Lou Stoppard: Did you always love magazines when you were growing up? Which titles in particular inspired you?
Perry Ogden: I got into magazines very early on. Growing up in the seventies in London, there were a lot of music magazines. Sounds, NME and Melody Maker were the main music mags I was into and from there I started looking at Rolling Stone. It was quite a different magazine in the seventies; it was much bigger in terms of content with more political stories, a much broader range of what it covered – things like Vietnam. Of course I was looking at Vogue and when I was sent to Eton I discovered that you could get a subscription; you could order all these magazines! Your parents would get the bill but not for about six months! Other magazines that were inspiring me included Ritz - David Bailey and Litchfield’s magazine, which was inspired by Interview magazine. At that time there were far fewer magazines. I would say that the dominant publications were about music. Then in 1976 punk arrived, which for people of my generation was phenomenal. It was just incredibly exciting, revolutionary, and of course, the magazines that started out of that were fanzines – Sniffin’ Glue and all those magazines. They were photocopied in the cheapest possible way and look brilliant now that everything is so polished. Those were the kinds of magazines that I was looking at and inspired by.
LS: Those rough zines look better than ever today don’t they? So, where did that interest in print lead you?

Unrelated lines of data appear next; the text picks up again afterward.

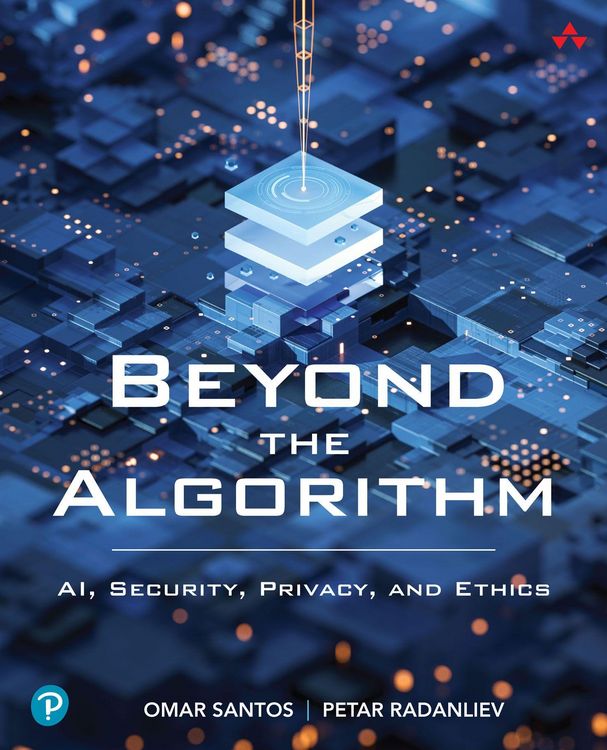 Produktbild: Beyond the Algorithm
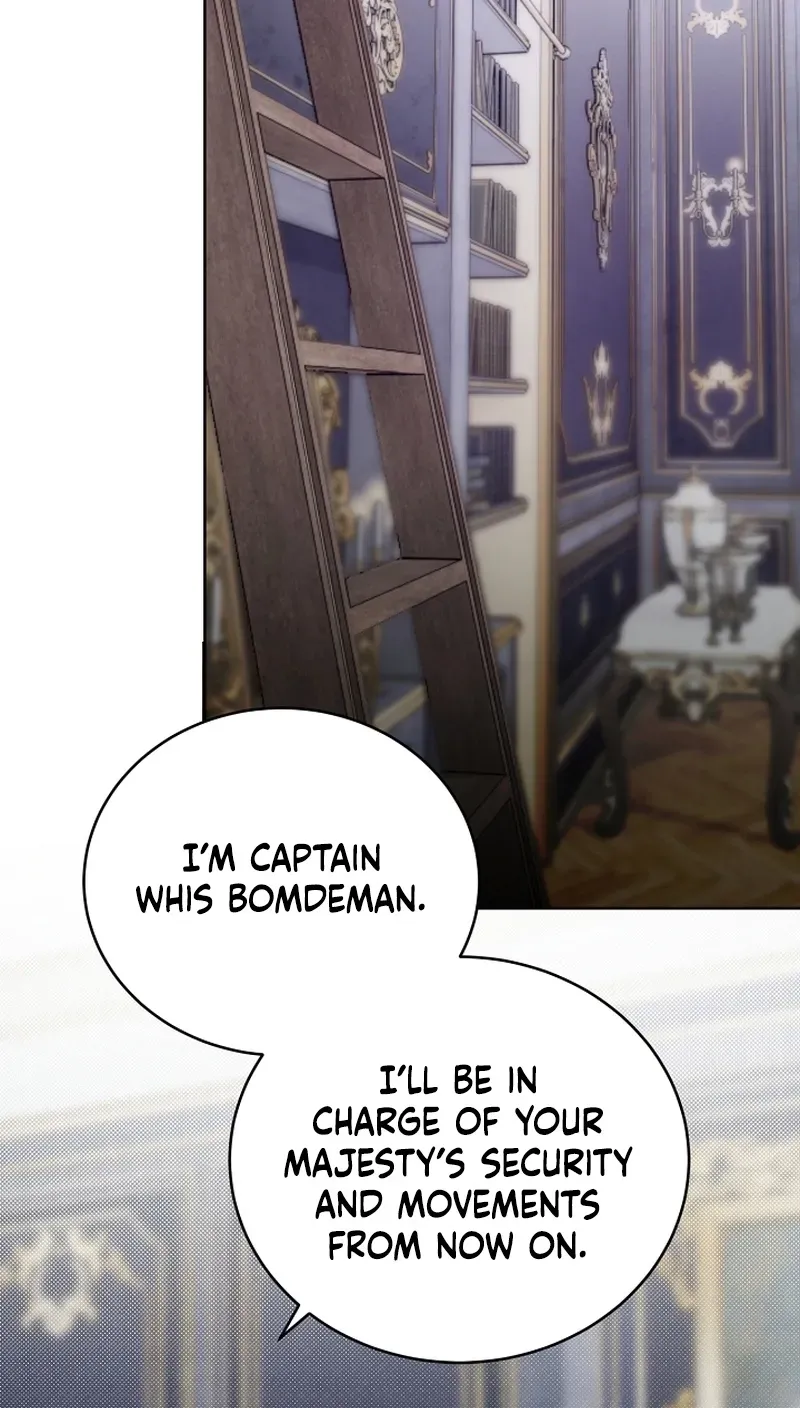 Dawn of Vengeance Chapter 11 page 33 - 
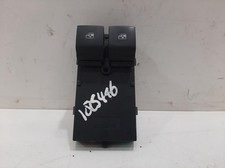 2013 CHEVROLET AVEO Mk2 O/S Drivers Right Front Master Electric Window Switch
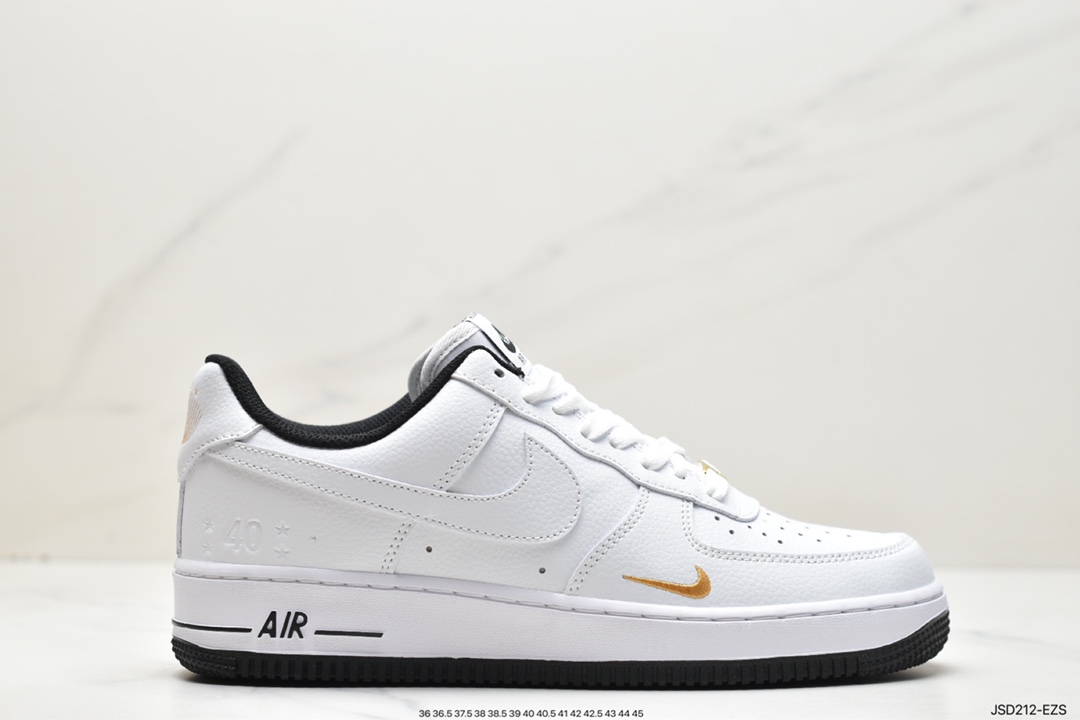 Nike Air Force 1 空军一号 DD1225-001
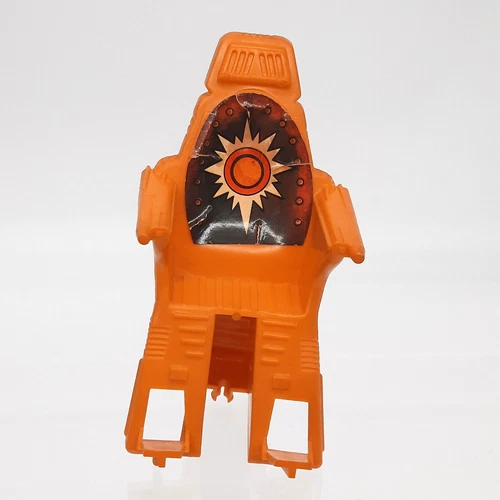 MOTU Masters of Universe Castle Grayskull Throne Part Repair He-Man Vtg 1981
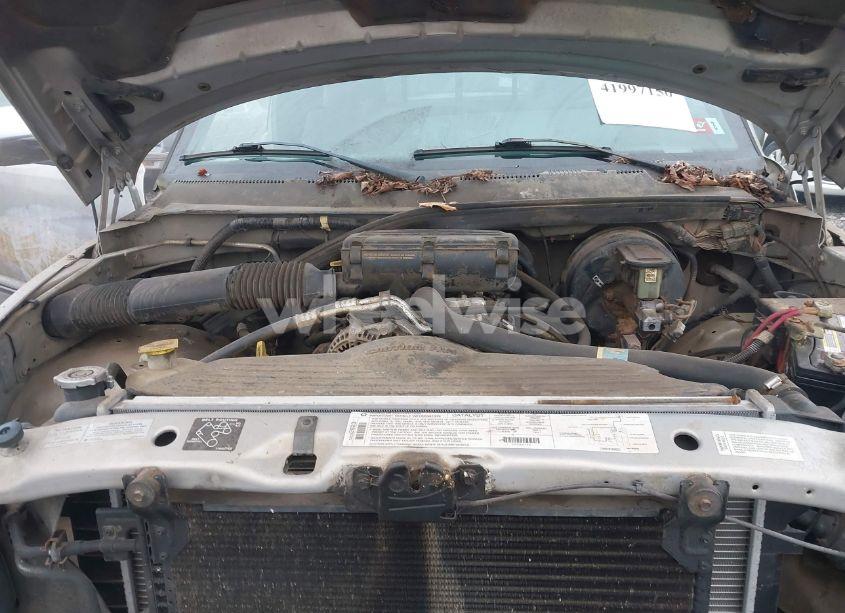 Photo 10 of 1997 Dodge Ram 1500 ST (VIN 3B7HC13Z2VG822408)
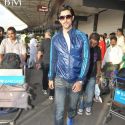 Stars Leave for IIFA Colombo
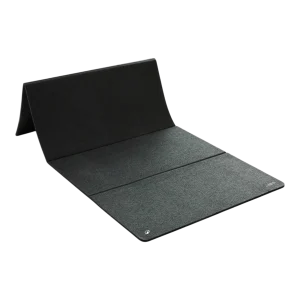 Tapis de fitness pliable 8 mm, Corength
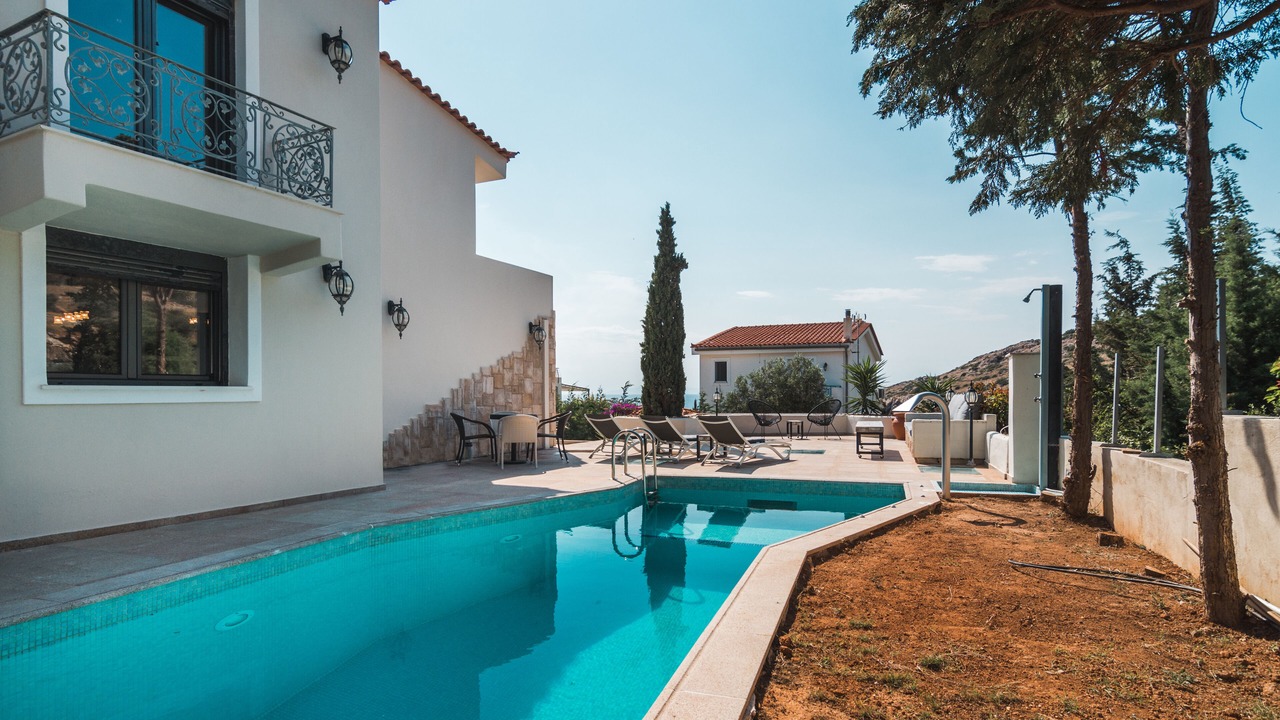 Photo of Outdoor in Palaia Fokaia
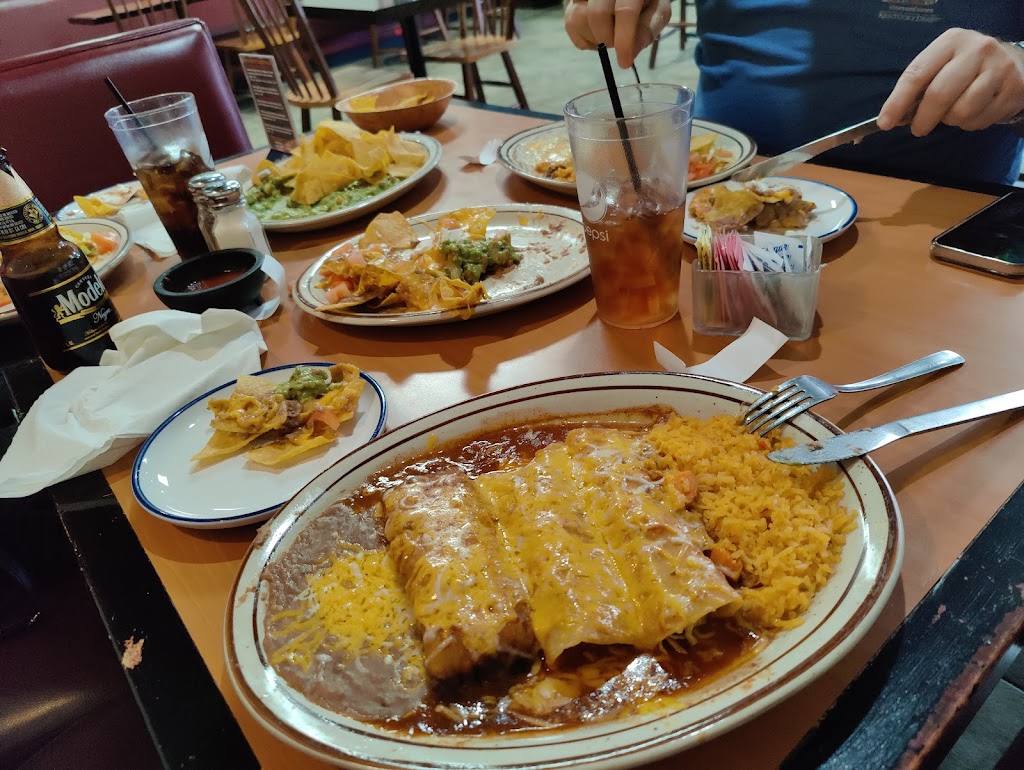 Guadalajara | Mexican Restaurant 59101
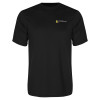 Thumbnail image for  Black Performance Tee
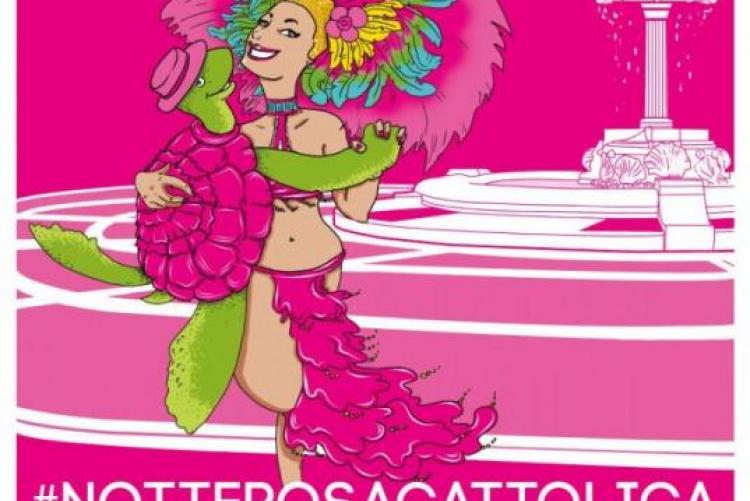 LA NOTTE ROSA 2017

PO: I started working as an assistant photographer in the school holidays when I was about fourteen or fifteen - I was very keen on photography. My mother had been a journalist and she was the Women’s Page Editor of The Times. When I was eleven, I went to the City of London School in Blackfriars and The Times was across the road. After school I’d play football and eventually get thrown out of the playground, so I would go to Mum’s office, hang out there, and be sent off to the printers. Nobody prints like that any more, but I would be sent off to hang out with the printers, set some type and get a cheese roll. I became fascinated by the printing presses - the smell of the printing press, the lead type and just the whole process. I think that was my introduction to photography and the dark room. Later, I went to work for a photographer who had his own darkroom, a photographer called John Timbers, who died in the last few years. He had been assistant to Tony Armstrong-Jones [Lord Snowdon] for five years. He had a lovely studio with daylight in Netherton Grove, Fulham. It was a very old-school, traditional apprenticeship; I worked for him in the school holidays, just sweeping the floor, making cups of tea, then processing film, printing, everything. I got a very rounded view of photography. That was my introduction to the professional side of photography. I was also reading all these magazines, looking at pictures, seeking out books like David Bailey’s Box of Pin-upsand Goodbye Baby and Amen, Avedon books, Penn books - those were what I was looking at at that time. Then I just wanted to do a magazine of my own. There was an opportunity at Eton in the final year for someone to do a magazine for the school, it was part of a thing called the ‘Fourth of June’, which is like the school open day. So some friends and I applied and we were given the opportunity.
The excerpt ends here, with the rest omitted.